Inside Inside by James Lipton, creator, executive producer, writer and host of Inside the Actors Studio, an excellent program on Bravo, recounts several movie moments culled from his impeccably researched interviews. One with Steven Spielberg explains why he tends to use a short lens—he likes master shots—and how he told young Henry Thomas he would never see E.T. (the extra-terrestrial) again during his chronologically, continuously shot 1982 smash, E.T..

A glaring error by publisher Dutton: the decision not to include an index. Whether Lipton's reminiscing about producing President Carter's inauguration or Bob Hope's 75th birthday for television, Inside Inside is full of facts that should have been sorted.
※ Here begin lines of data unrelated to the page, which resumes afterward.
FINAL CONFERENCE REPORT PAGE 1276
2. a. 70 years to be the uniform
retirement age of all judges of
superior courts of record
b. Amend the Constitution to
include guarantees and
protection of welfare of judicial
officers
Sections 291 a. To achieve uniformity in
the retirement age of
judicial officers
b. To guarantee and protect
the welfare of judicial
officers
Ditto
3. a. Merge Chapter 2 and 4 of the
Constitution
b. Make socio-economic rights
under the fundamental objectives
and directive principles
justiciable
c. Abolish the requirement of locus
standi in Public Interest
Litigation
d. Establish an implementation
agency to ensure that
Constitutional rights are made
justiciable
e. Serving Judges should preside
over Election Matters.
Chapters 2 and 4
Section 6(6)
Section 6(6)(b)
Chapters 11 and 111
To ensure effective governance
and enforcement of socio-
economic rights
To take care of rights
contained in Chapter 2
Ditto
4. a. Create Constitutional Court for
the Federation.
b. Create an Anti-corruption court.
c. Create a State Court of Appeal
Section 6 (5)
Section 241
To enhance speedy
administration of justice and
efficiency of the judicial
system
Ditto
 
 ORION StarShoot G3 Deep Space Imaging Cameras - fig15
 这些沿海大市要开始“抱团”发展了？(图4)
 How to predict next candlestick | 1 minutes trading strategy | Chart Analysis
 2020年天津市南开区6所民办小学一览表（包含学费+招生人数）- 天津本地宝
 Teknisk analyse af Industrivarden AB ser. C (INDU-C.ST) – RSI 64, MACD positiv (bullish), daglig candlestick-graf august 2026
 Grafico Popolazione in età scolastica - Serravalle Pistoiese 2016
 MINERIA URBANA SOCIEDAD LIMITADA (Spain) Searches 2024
Pictures at a Revolution by Mark Harris is a well-informed examination of Oscar's five Best Picture nominees for 1967—when classic Hollywood gave way to a new aesthetic—which were: The Graduate, Bonnie and Clyde (pictured on the jacket cover), Doctor Dolittle, Guess Who's Coming to Dinner, and, the winner, In the Heat of the Night.

One need not agree with what former Entertainment Weekly staffer Harris makes of these hugely influential movies to gain from his accounts of each picture, all released during some of our darkest days—the late Sixties—when everything American seemed held in contempt by prevailing intellectuals.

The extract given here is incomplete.